Branża leasingowa w większym stopniu niż banki finansuje inwestycje i świadczą o tym salda dotyczące inwestycji. – Lepiej niż inni docieramy do firm, które chcą inwestować, i dopasowujemy produkty do klientów. Co jest głównym źródłem dominacji nad bankami? Właśnie cechy naszych produktów, elastyczność, korzyści podatkowe i szybkość w działaniu – ocenił Nieplowicz.
Cyfryzacja i klient w centrum uwagi
Zarówno w leasingu, jak i w ubezpieczeniach jednym z głównych wyzwań w najbliższych kwartałach będzie dalsza cyfryzacja procesów, także tych dotyczących klientów, w tym oczywiście wykorzystanie generatywnej sztucznej inteligencji.
– Firmy wciąż są na etapie transformacji i jest duża przestrzeń na zdobycie przewagi dla tych, którzy efektywnie zrobią zmiany – ocenia Adam Wandachowicz, country manager w Toyota Insurance Services Poland.
Kamil Portka, general manager w Ailleronie, ocenia, że cyfryzacja pomoże zwiększać wolumeny sprzedaży, ale zaleca ostrożność, jeśli chodzi o technologiczne zmiany. – Trzeba uważnie dobierać poszczególne elementy, ale – co jest najważniejsze – projekty robią ludzie. Więc dobór ludzi będzie kluczowy – powiedział ekspert.
Według danych ZPL papierowo zawierane umowy leasingu stanowią 60,5 proc., a elektroniczne – 39,5 proc. wszystkich. W poszczególnych firmach tempo cyfryzacji jest jednak bardzo różne – część spółek dopiero zaczyna wdrażać formę dokumentową, podczas gdy inne mają już w pełni cyfrowe procesy. Jak mówiła Anna Wiśniewska, w VeloLeasing już tylko 15 proc. umów zawieranych jest dziś w tradycyjnej formie pisemnej.
– Faktycznie, dla części ludzi kontakt z człowiekiem nie jest ważny i tu znaczenia nabiera technologia. Moim zdaniem firmy powinny iść w stronę obsługi konwersacyjnej, wzorem banków. Kluczowe będzie w tym przypadku dopasowywanie usług do konkretnych klientów – zauważył.
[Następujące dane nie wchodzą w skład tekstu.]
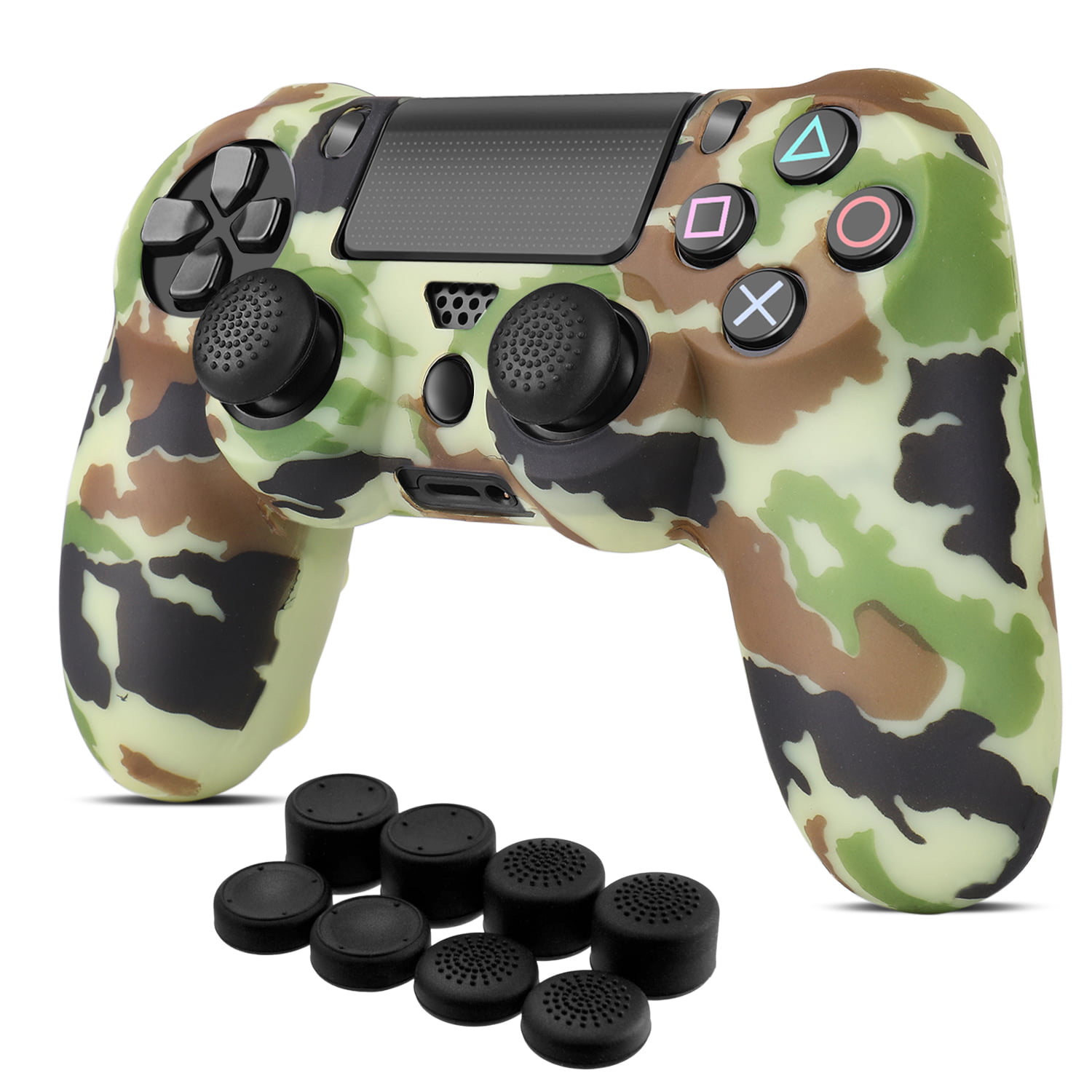 PS4 / Slim / Pro Controller Skin Grip Cover Set - Protective Soft Silicone Gel Rubber Shell & Anti-slip Thumb Stick for PlayStation 4 Controller Gamepad (Camo Orange) - Walmart.com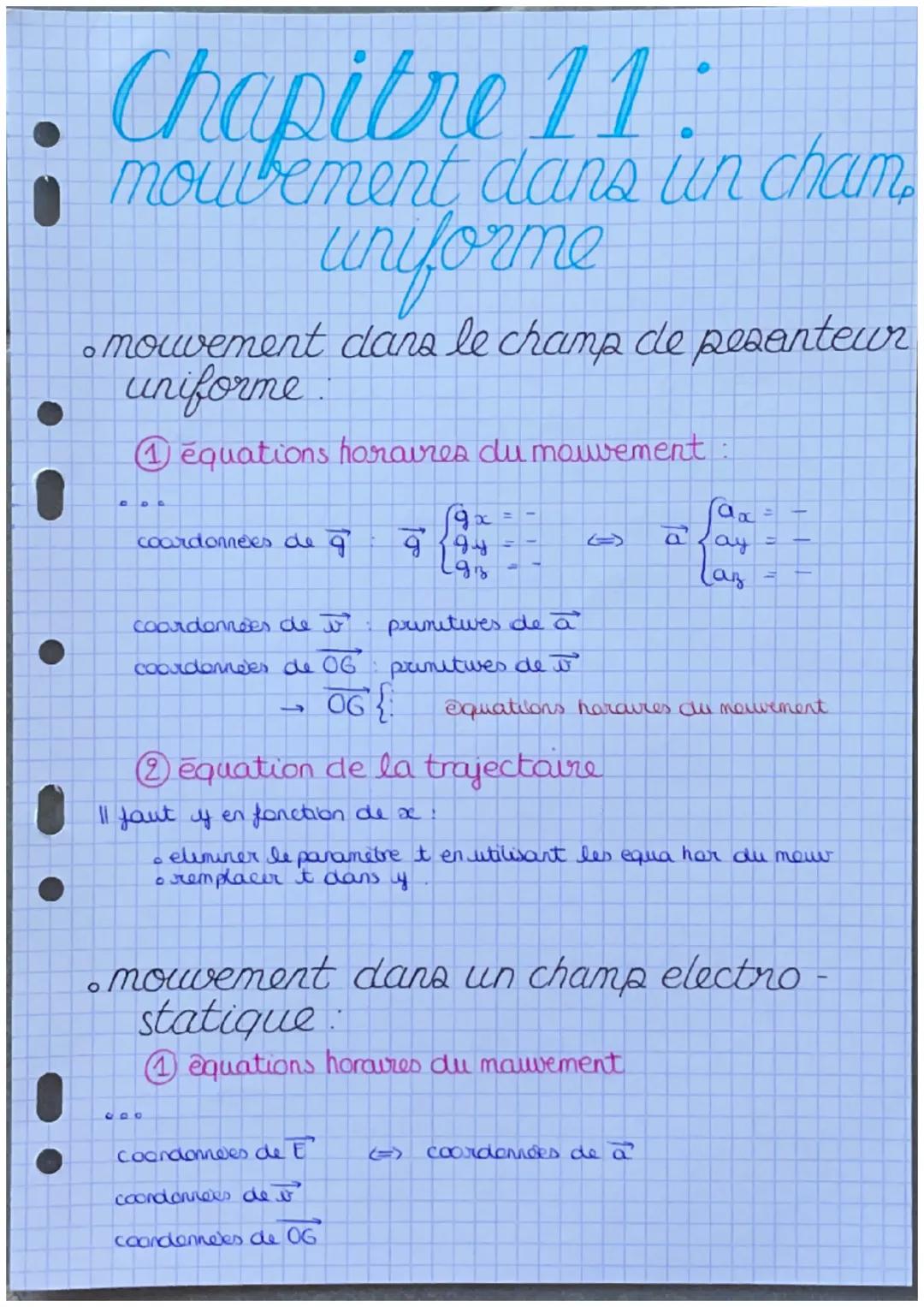 Chapitre 11:
mouvement dans un cham
uniforme
• mouvement dans le champ de pesanteur
uniforme
equations horaires du mouvement:
дос
coordonnée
– Pytanie, czy za wszelką cenę powinniśmy wszystko cyfryzować? – zastanawiał się z kolei Marcin Ogniewski, dyrektor Biura Rozwoju Biznesu Korporacyjnego PZU. – Ubezpieczyciele ciągle inwestują, ale pamiętajmy, że transformacja nigdy się nie kończy, bo zmienia się rynek i oczekiwania klientów – podsumował.